▸ WORK ORDER
Setting aside any pictures, reproduce the data exactly.

(DATA BELOW)

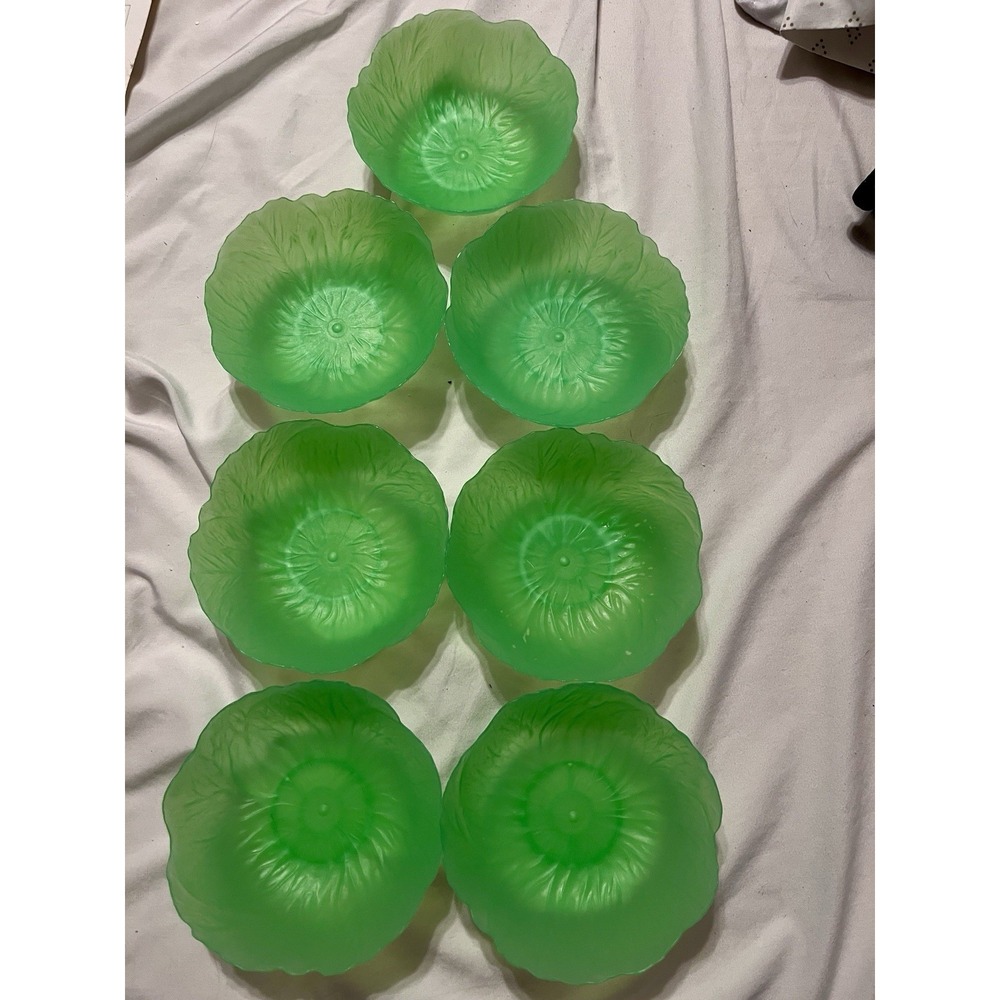 Set of 7 Vintage Berman Plastic Bowls Cabbage Lettuce Green Fairfield OH 5.5"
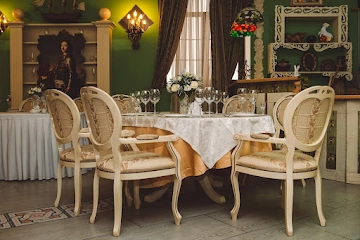 Ресторан Петровский дворик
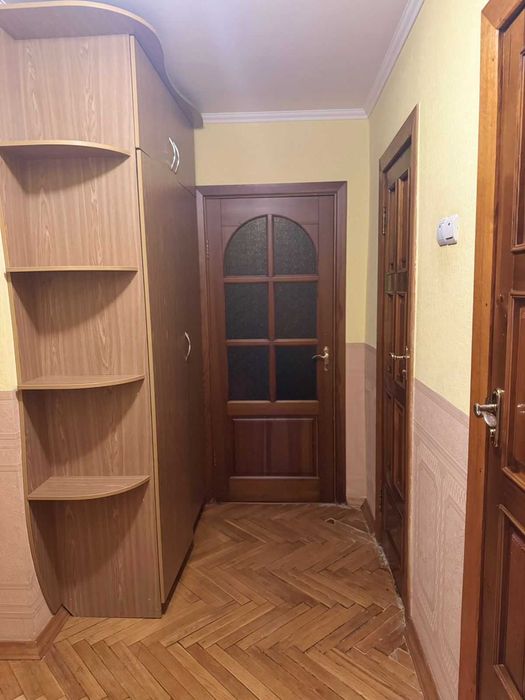 Продаж 3-кім квартири Митниця, вул. Нижня Горова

(End DATA BELOW)

▸ EXPECTED ANSWER
 Set of 7 Vintage Berman Plastic Bowls Cabbage Lettuce Green Fairfield OH 5.5"
 Ресторан Петровский дворик
 Продаж 3-кім квартири Митниця, вул. Нижня Горова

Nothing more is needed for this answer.